Le décor est un palais vénitien de l’époque de Vivaldi. Les héros sont tous vêtus de noir. Les cieux lointains sont pourfendus d’éclats lumineux. Noir sur noir, cette tragédie vise l’essentiel : des personnages et des âmes qui se cherchent, se lassent, s’abandonnent. Devant l’uniformité des costumes, quelques spectateurs, à l’entracte, s’interrogent : qui est qui ?
Sans doute le metteur en scène, engoncé dans les certitudes d’une démonstration éblouissante, n’a-t-il pas songé à ces mélomanes avides qui, sortant de leur bureau, pour se précipiter dans Vivaldi, ne disposent pas des clés d’une compréhension immédiate ? C’est là que le bât blesse.
En outre, Pierre Audi ne renonce pas à quelques facilités comme les sièges renversés trop grands pour les acteurs : on a vu cela mille fois, signifiant que les personnages sont dépassés par les événements.
En dehors de ces complaisances à la mode, la direction des chanteurs est remarquable. Ne serait-ce qu’en faisant bouger enfin le merveilleux Jaroussky, à la voix immatérielle. Voici le contre-ténor du siècle qui vit réellement et s’impose dans une dimension presque autant charnelle que vocale.

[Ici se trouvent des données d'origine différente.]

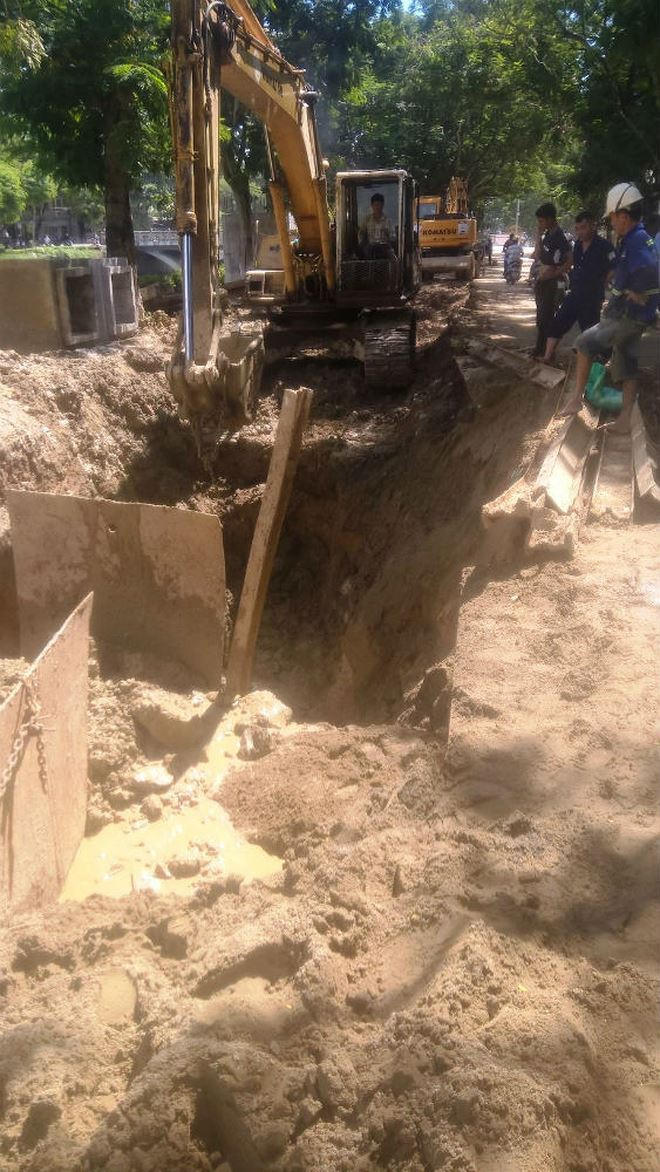 Đường phố ngổn ngang vì dự án “ì ạch”.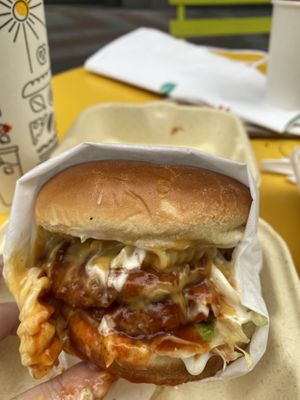 Mac and cheese burger 🍔 🤤  at Veggie Grill by Next Level - Downtown in Seattle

Autre prodige que le magnifique enregistrement chez Naïve ne pouvait illustrer : la performance inouïe de Marie-Nicole Lemieux. Dire qu’elle brûle les planches est un euphémisme. Elle est fulgurante. Vocalement, on le savait. Scéniquement, dans ce rôle travesti de Roland, paladin de Charlemagne, elle s’impose dans la si longue folie d’Orlando comme l’une des grandes tragédiennes du lyrique.
Et quand les applaudissements frénétiques la saluent, elle sort de scène en esquissant quelques pas de danse et stupéfie encore par son aisance, sa malice et son intelligence. Elle est une star. Ce n’est pas si fréquent dans le lyrique.
Quant à Jean-Christophe Spinosi, ce maestro mi-corse mi-breton qui s’était révélé sur cette même scène dans cette même œuvre en 2003, alors en version de concert, il a heureusement vieilli et s’est peaufiné. Il a transformé son agitation en énergie, sa frénésie en analyse. Il est plus discret, moins fanfaron et plus explicatif avec sa formidable folie musicale qui exalte ces personnages qui se désirent, se déchirent, s’aiment, se jalousent, se trahissent.
Entre plaintes, passions et douleurs, à coups de serments et de sortilèges, ils errent sans autre but que d’assumer les pulsions de leur âme et la sensualité exacerbée de leur corps. L’existentialisme n’est pas loin. Rarement les tourments de l’homme et de la femme modernes autour d’amours contrariées ont été aussi magnifiquement sublimés, la constance et la fidélité aussi puissamment exaltées.